He added: “It’s the most important investment destination and [businesses] need to know transition and end state, everybody knows this, the Government knows it and is working on it, UK businesses know it and the Europeans know it.”

 

“Brexit is reinforcing something that started in 2008, and so we think productivity is going to pick up but not to the same degree as in the past,” due to the effects of Brexit.

Asked if the economy would be damaged by leaving the EU without a trade deal, he said: “In the short term, without question, if we have materially less access (to the EU’s single market) than we have now, this economy is going to need to reorient and during that period of time it will weigh on growth.”

He said that the Bank’s central Brexit scenario was a smooth transition for the UK, resulting in a relationship that was somewhere between full membership of the single market and a “no-deal” Brexit in which Britain trades under World Trade Organisation terms.

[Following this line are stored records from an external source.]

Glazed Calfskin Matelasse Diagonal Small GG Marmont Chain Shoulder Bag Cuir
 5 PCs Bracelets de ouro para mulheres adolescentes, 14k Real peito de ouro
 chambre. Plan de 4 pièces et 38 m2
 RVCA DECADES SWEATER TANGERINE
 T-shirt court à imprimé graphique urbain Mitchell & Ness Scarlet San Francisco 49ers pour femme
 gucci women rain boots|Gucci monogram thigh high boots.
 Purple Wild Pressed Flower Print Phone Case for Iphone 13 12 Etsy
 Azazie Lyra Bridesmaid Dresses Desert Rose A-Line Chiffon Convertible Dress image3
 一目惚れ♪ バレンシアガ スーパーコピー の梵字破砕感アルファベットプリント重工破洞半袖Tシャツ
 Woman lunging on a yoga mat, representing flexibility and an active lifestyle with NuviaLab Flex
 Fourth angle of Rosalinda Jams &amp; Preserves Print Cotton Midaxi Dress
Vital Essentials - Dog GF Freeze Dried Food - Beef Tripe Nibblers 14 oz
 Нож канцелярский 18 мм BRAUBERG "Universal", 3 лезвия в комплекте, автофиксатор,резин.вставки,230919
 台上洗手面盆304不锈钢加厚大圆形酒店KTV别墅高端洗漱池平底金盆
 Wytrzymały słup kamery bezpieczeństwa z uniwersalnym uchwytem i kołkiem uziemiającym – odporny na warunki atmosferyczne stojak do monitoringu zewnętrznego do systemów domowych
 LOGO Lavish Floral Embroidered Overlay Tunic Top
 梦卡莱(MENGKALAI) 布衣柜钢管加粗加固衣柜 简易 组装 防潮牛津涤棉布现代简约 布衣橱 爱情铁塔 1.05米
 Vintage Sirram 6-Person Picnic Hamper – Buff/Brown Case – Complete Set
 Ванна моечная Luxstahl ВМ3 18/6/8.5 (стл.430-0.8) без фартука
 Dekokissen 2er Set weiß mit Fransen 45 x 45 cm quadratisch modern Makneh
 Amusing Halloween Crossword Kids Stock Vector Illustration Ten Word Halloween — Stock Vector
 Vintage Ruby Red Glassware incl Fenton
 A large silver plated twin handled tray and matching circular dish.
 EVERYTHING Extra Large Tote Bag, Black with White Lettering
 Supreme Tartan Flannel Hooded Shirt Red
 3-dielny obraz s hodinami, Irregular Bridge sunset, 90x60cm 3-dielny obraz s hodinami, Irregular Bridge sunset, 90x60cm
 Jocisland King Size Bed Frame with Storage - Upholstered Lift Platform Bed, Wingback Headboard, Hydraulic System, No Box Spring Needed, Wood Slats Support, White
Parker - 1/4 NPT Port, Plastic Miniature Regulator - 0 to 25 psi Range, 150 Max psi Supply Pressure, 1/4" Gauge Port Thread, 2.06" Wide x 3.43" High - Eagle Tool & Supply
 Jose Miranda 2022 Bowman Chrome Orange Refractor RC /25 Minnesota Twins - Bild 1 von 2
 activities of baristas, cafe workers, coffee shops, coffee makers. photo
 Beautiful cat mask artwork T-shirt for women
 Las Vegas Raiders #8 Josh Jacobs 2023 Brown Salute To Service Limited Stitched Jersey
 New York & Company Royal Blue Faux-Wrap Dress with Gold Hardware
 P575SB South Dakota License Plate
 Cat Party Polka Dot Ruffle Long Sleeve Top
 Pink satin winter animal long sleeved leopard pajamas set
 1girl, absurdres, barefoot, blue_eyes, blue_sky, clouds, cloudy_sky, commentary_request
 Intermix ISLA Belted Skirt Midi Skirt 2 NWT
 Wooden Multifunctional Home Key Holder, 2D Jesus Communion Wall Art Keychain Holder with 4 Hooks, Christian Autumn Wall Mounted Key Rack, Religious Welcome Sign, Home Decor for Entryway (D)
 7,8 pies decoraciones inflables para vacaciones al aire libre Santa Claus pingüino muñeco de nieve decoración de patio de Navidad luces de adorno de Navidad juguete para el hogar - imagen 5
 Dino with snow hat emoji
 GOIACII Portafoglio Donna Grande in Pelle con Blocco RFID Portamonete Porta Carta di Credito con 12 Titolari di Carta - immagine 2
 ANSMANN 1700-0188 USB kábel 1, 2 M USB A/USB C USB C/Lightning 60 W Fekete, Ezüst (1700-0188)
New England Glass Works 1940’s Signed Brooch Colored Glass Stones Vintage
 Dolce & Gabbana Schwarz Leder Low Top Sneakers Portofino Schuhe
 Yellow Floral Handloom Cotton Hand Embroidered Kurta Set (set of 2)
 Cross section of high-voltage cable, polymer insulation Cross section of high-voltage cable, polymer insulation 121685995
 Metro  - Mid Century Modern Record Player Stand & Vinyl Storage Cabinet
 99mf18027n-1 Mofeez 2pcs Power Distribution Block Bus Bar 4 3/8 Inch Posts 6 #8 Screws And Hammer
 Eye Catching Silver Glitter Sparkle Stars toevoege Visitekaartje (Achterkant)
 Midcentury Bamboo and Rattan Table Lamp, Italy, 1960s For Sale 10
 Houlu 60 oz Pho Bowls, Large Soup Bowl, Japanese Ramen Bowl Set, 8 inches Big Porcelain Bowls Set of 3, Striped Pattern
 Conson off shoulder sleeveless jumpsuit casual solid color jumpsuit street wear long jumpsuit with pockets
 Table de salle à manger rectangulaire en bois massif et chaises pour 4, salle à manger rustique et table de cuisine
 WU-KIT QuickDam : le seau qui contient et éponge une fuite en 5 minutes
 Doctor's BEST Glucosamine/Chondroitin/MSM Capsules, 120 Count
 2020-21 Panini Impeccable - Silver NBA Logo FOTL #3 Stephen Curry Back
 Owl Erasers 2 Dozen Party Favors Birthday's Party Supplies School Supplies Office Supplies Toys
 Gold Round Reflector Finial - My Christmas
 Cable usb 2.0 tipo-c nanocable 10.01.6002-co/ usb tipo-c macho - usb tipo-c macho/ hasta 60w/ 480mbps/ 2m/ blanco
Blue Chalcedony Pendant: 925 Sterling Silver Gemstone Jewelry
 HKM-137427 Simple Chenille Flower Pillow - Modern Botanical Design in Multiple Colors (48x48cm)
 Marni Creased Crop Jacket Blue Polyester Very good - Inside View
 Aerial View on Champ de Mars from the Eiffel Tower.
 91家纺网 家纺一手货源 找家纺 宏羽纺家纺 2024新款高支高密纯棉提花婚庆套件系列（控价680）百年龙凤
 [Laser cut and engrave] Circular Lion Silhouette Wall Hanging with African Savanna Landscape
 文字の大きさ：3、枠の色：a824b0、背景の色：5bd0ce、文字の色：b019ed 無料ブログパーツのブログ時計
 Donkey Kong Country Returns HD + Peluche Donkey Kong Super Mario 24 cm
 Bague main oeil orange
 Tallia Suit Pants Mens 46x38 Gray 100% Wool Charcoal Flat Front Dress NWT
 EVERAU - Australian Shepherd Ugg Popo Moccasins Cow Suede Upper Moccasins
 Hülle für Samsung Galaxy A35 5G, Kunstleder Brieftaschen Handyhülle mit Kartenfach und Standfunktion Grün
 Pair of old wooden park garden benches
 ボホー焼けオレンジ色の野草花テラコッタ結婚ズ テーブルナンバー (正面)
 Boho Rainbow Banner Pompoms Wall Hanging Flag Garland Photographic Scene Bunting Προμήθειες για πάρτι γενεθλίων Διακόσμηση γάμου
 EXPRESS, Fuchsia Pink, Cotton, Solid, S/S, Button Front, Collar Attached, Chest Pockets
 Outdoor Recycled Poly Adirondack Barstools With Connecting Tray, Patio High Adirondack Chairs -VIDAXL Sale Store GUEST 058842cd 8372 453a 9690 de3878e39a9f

He added that in the event of a bad Brexit deal and slow economic growth, the bank may not be able to cut future interest rates, though he said such a scenario “is not the most likely, by any stretch of the imagination, but it is a possibility.“

Mr Carney said that the UK had been successful in creating jobs but not in raising productivity or wages. This was not something that the Bank could control, he said.

”The crash caused a lot of problems for about five years.Then we went through a period where the economy is healing, people were finding work.

“But businesses weren’t investing like they used to – in part because there was a lot of uncertainty.”

The Governor’s words come days after the Bank’s Monetary Policy Committee raised interest rates from 0.25 per cent to 0.5 per cent – the first increase in more than a decade.